**Records shown**
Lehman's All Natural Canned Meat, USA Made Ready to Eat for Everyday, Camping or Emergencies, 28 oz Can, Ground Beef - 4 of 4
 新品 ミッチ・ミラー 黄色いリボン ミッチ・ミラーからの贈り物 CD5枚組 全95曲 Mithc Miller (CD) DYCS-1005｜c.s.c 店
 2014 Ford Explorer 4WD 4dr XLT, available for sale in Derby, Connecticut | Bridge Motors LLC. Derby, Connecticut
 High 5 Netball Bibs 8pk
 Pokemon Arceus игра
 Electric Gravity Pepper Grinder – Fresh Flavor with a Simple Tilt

**The task**
Repeat each record above precisely as written.

**Your solution**
Lehman's All Natural Canned Meat, USA Made Ready to Eat for Everyday, Camping or Emergencies, 28 oz Can, Ground Beef - 4 of 4
 新品 ミッチ・ミラー 黄色いリボン ミッチ・ミラーからの贈り物 CD5枚組 全95曲 Mithc Miller (CD) DYCS-1005｜c.s.c 店
 2014 Ford Explorer 4WD 4dr XLT, available for sale in Derby, Connecticut | Bridge Motors LLC. Derby, Connecticut
 High 5 Netball Bibs 8pk
 Pokemon Arceus игра
 Electric Gravity Pepper Grinder – Fresh Flavor with a Simple Tilt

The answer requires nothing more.